Problem to solve:
Each and every line of the data must appear exactly as given.

Source data:

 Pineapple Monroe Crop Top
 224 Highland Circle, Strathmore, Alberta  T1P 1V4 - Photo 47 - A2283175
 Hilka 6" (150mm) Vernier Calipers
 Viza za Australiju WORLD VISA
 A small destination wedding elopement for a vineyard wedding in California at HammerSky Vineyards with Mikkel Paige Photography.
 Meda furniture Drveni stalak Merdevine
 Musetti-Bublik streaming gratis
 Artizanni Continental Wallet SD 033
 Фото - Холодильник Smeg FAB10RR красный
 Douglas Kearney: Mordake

Response to the task:
 Pineapple Monroe Crop Top
 224 Highland Circle, Strathmore, Alberta  T1P 1V4 - Photo 47 - A2283175
 Hilka 6" (150mm) Vernier Calipers
 Viza za Australiju WORLD VISA
 A small destination wedding elopement for a vineyard wedding in California at HammerSky Vineyards with Mikkel Paige Photography.
 Meda furniture Drveni stalak Merdevine
 Musetti-Bublik streaming gratis
 Artizanni Continental Wallet SD 033
 Фото - Холодильник Smeg FAB10RR красный
 Douglas Kearney: Mordake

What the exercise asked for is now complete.